Does this study ignore the use of Bio-Diesel? It seems to me that would reduce the dependence on foreign oil and cut down on coal emissions at the same time.
Apparently they are ignoring it as fast as they can.........
The funny thing about bio-diesel is that it is only economical if there is no demand. If you are willing to collect refuse cooking oil and process it in your garage, keep quiet. As soon as it becomes popular, restaurants will quit giving it away.
Most bio-diesel is currently being made from food crops.
That’s bad. Using edible fats to power vehicles just makes no sense to me. You can’t feed petroleum or coal to people, so let’s reserve the food crops for feeding people and animals, eh ?
What gets me about the whole electric vehicle and plug-in hybrid vehicle vs. CTL is that nobody ever questions the ultimate end point. You can’t fly fighter jets, bombers, or even passenger jets on electricity yet, but you could on CTL. Not sure about bio-diesel in jets, but I don’t like the idea of burning edibles anyway.
Biodiesel is great fuel, but it’s too expensive to make and it takes way too much land to make a little fuel. Per gallon, biodiesel is a lot more subsidized than ethanol. Blenders get a one dollar tax credit for every gallon of biodiesel that they blend with regular diesel compared to the fifty one cents blenders get for every gallon of ethanol they blend with gasoline.
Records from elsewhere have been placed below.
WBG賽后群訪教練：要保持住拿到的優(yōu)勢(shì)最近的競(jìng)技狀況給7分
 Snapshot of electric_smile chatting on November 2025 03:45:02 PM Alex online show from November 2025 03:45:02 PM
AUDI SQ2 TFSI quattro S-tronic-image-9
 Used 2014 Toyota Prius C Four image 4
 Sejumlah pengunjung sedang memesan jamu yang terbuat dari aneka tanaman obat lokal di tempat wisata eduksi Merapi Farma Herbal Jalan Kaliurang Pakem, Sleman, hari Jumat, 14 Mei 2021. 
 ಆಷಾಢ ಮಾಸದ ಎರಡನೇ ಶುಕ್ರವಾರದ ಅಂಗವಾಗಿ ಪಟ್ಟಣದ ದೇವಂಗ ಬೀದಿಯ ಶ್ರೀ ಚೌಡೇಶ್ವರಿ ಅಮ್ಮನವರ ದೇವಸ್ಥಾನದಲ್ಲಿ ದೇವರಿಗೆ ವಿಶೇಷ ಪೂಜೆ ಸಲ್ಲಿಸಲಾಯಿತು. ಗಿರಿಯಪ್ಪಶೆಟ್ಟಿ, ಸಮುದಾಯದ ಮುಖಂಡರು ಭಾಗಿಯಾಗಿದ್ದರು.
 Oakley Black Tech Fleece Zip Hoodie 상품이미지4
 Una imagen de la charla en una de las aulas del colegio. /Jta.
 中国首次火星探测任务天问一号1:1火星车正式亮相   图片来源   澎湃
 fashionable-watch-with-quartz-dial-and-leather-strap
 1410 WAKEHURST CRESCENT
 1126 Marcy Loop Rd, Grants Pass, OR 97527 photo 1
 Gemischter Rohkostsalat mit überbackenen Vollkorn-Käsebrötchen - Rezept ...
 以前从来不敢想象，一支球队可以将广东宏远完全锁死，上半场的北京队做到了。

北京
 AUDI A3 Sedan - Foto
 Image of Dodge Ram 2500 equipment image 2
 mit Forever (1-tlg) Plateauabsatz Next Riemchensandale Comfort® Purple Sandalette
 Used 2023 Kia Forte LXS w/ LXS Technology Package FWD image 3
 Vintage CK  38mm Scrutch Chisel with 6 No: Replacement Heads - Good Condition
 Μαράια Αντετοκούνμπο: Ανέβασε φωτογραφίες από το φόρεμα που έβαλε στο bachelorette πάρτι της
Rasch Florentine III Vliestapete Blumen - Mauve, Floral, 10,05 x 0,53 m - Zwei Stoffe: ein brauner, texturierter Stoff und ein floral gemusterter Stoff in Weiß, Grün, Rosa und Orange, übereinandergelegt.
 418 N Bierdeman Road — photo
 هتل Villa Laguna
Most all biodiesel sold in this country is made from soybeans, a subsidized crop just like corn. (With current high corn prices very little corn subsidies are being paid by the way.) Biodiesel needs the bigger tax credit because it’s so expensive to make. It’s so expensive to make because it takes a whole lot more land to produce a gallon of biodiesel from soybeans than it does to produce a gallon of ethanol from corn. This makes feedstock prices are really high for biodiesel. You only get something like 50 gallons of soy oil per acre of beans on average, if that, and you don’t get a full 50 gallons of biodiesel from 50 gallons of vegetable oil. No biofuel concoctions we make for our cars are going to do much to reduce our dependence on foreign oil until we can figure out how to make one cheap enough to compete with petroleum based fuels on a cost basis and be able to make enough of that fuel from every acre we devote to it to supply several drivers. Maybe something like biodiesel from algae or cellulosic ethanol will pan out, maybe not.